In the days following the flood, Peter Waters was heavily involved
in recovery operations at the Biblioteca Nazionale Centrale di
Firenze including designing a lab, establishing conservation
protocols, and training a hundred people from various countries.
Money was a critical factor in the success of these efforts and Mr.
Waters, in collaboration with the Italian Art and Archives Rescue
Fund, set about creating a fund-raising tool for use in his
subsequent lectures in the United States.
An extraordinary and little-seen film resulted:"The Restoration of
Books, Florence, 1968." Shot by English film maker Roger Hill, the
movie captures the flavor of this historic event including rare
footage of Mr.
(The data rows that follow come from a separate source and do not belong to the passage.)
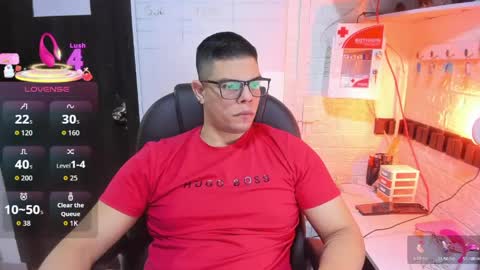 Snapshot of realjoel chatting on May 26, 11:50 am Joel online show from May 26, 11:50 am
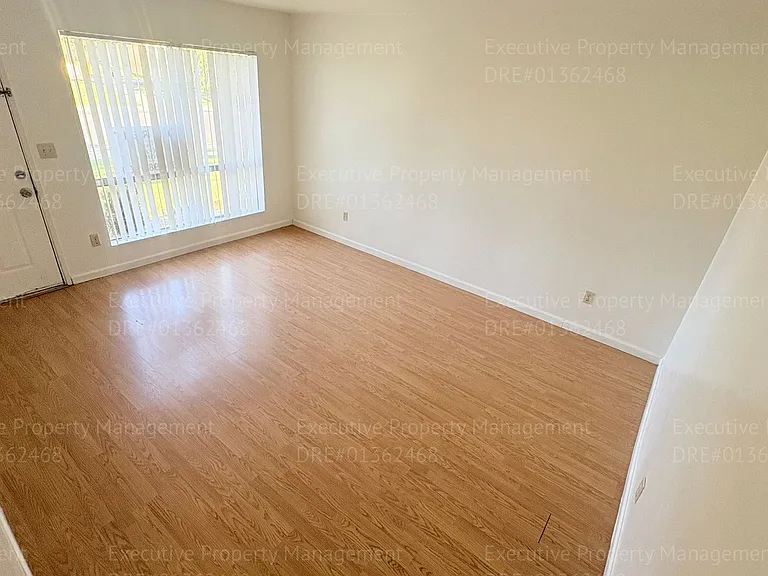 2425 Westholme Blvd — Photo 10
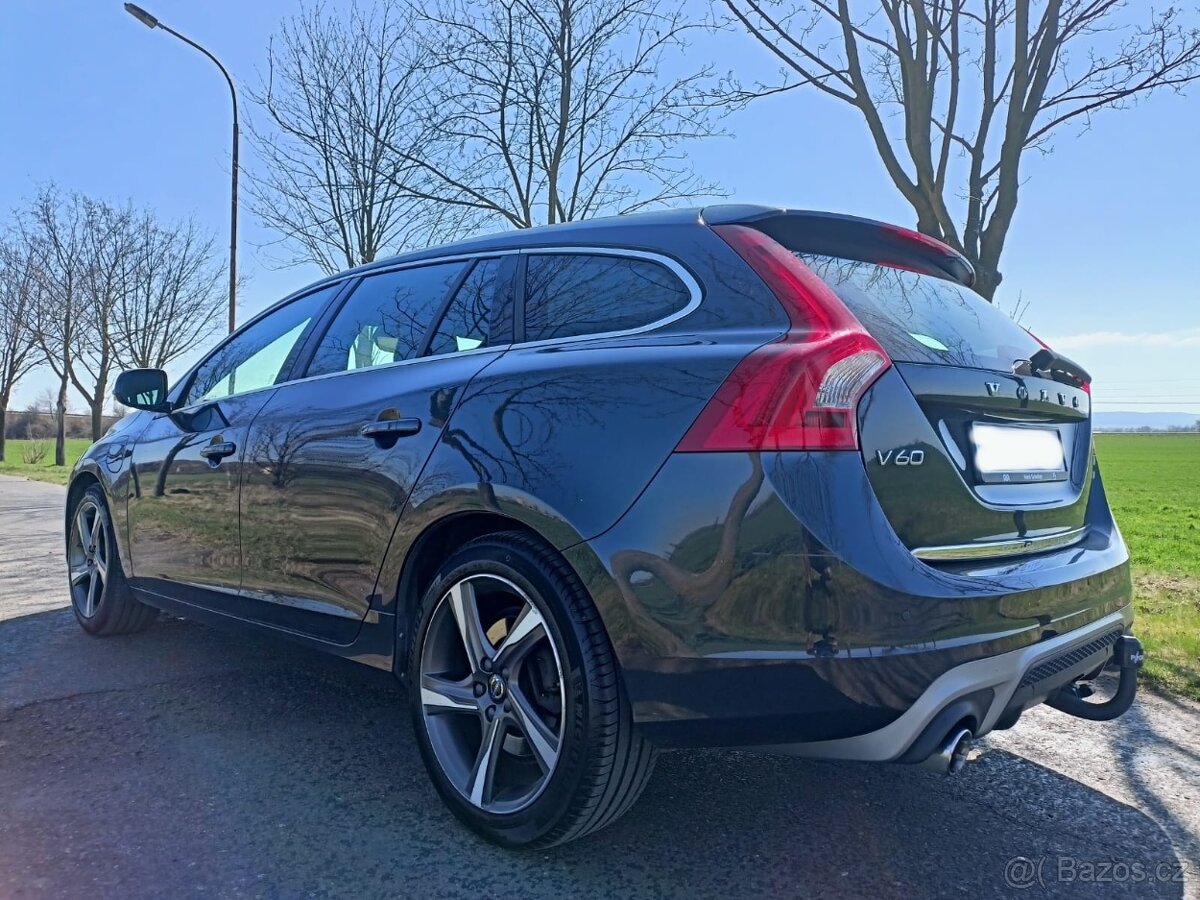 Volvo V60, 2.4 D6 158 kW HYBRID R-DESING - 4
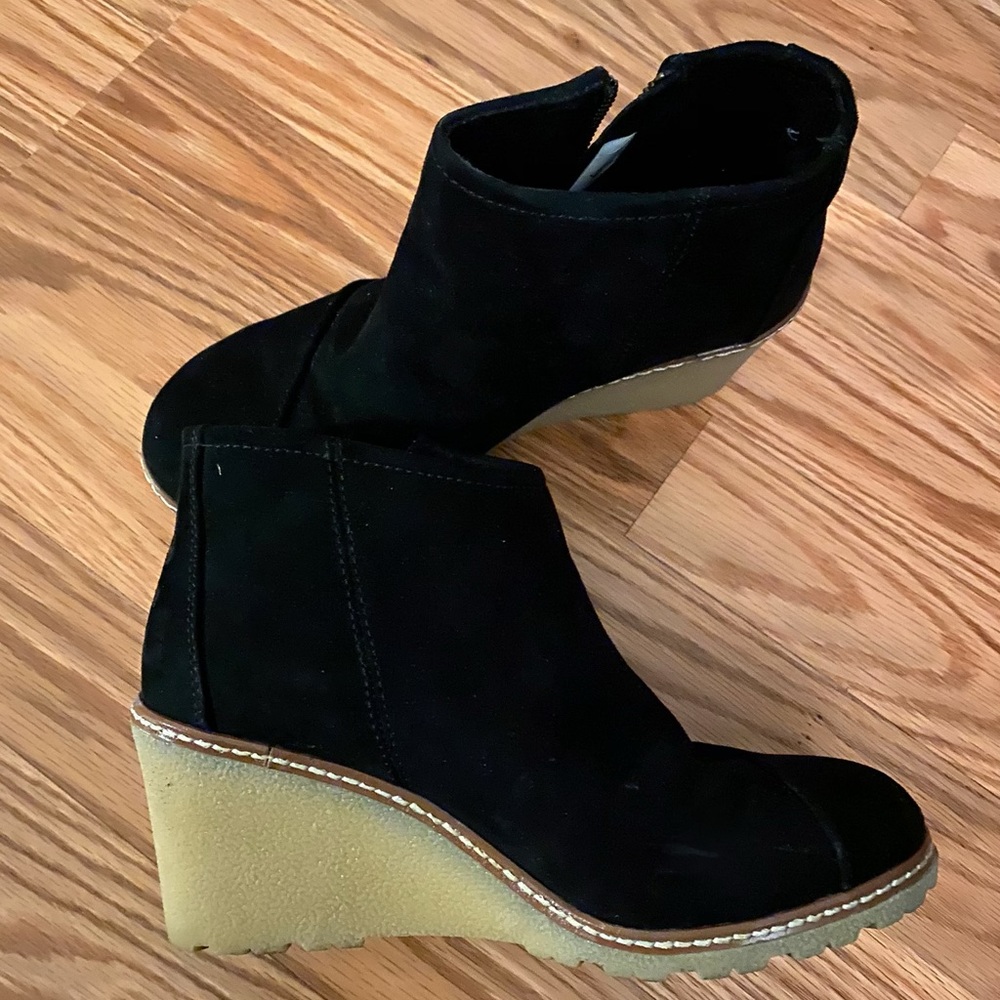 TOMS bootie , black microfiber 6.5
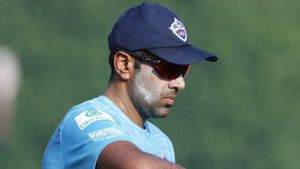 శాస్త్రి గారూ.. ముగ్గురు లెఫ్టాండర్స్‌ను ఎక్కడ ఆడించాలి? ఎవడ్ని తప్పించాలి?: అశ్విన్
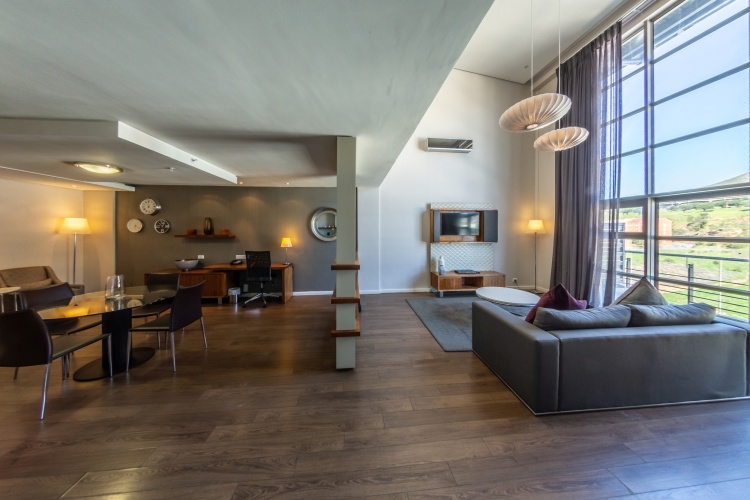 DoubleTree by Hilton Cape Town - Upper Eastside photo 10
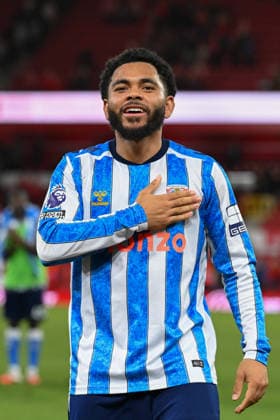 Nottingham Forest FC v Coventry City - Premier League 2026 27 Jay Dasilva of Coventry City celebrates during the Premier League match between Nottingham Forest and Coventry City at the City Ground in Nottingham, on September 19, 2026. Nottingham Nottinghamshire United Kingdom  Copyright: xMIxNewsx originalFilename:fletcher-nottingh260919_npVJi.jpg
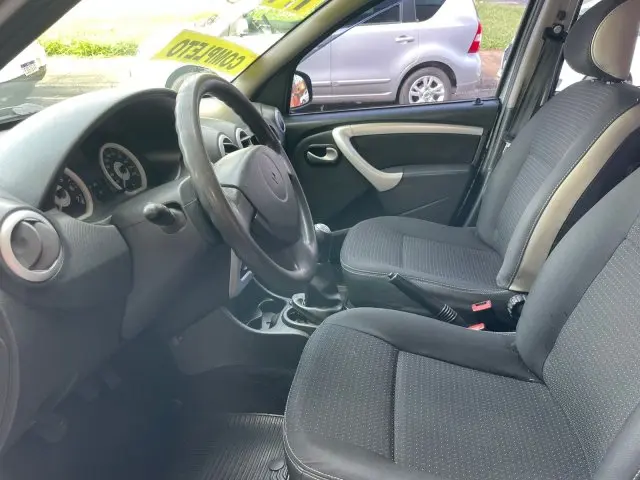 SANDERO - 1.6 STEPWAY 16V 4P MANUAL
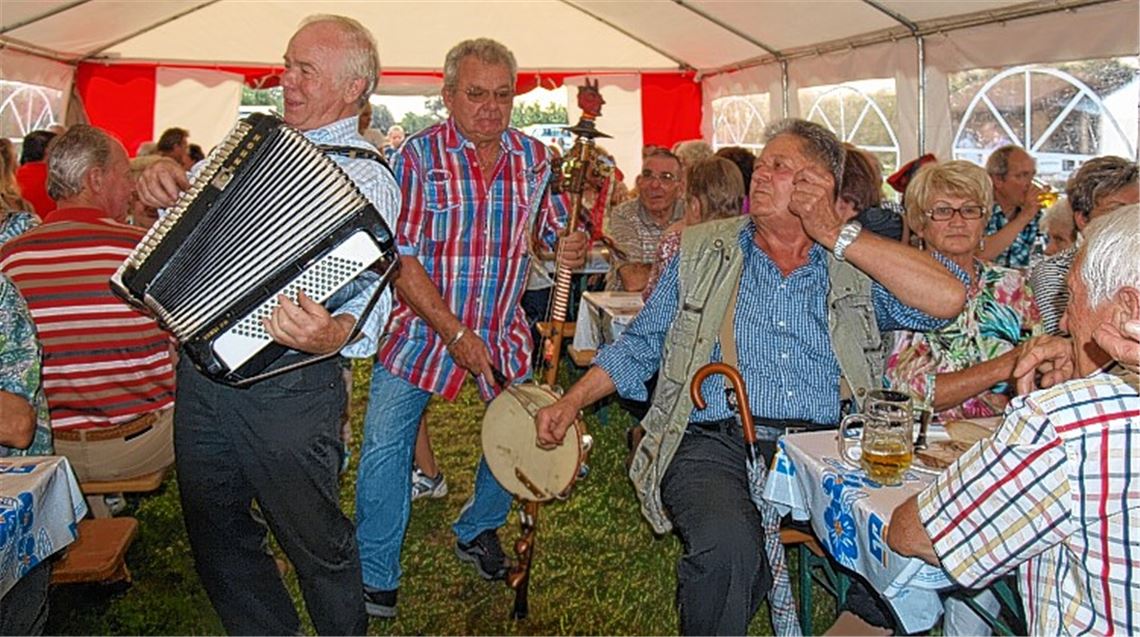 Beim OGV-Sommerfest „steppt der Bär“. Auch mit den Volksliedern lässt sich Stimmung machen, wie Martin Gutjahr und Hartmut Zoller mit Akkordeon und Schellenbaum beweisen.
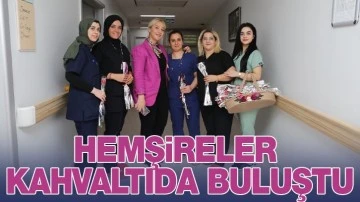 Hemşireler kahvaltıda bir araya geldi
Waters covering a book in leather and Christopher
Clarkson making a limp vellum binding. With permission from the film
maker and Mr. Waters' widow (renowned calligrapher Sheila Waters),
this 39-minute film is available for viewing free of charge through
the University of Utah at:
**** Moderator's comments: The above URL has been wrapped for
email. There should be no newline.
Streaming video is still in its infancy, so it is possible you may
experience some problems with the technology. Your ability to open
and play the video may hinge on your internet connection speed (you
will require DSL or better) and the age of your computer (in general
terms, a machine not more than three years old is required). The
video is available in three sizes with the smallest requiring the
least amount of technical sophistication from your machine.
If you have problems viewing this film, please contact me directly
for assistance. I strongly encourage anyone interested in the
Florence flood, Peter Waters, or the origins of modern book
conservation to see this movie. It is a rare and wonderful treat.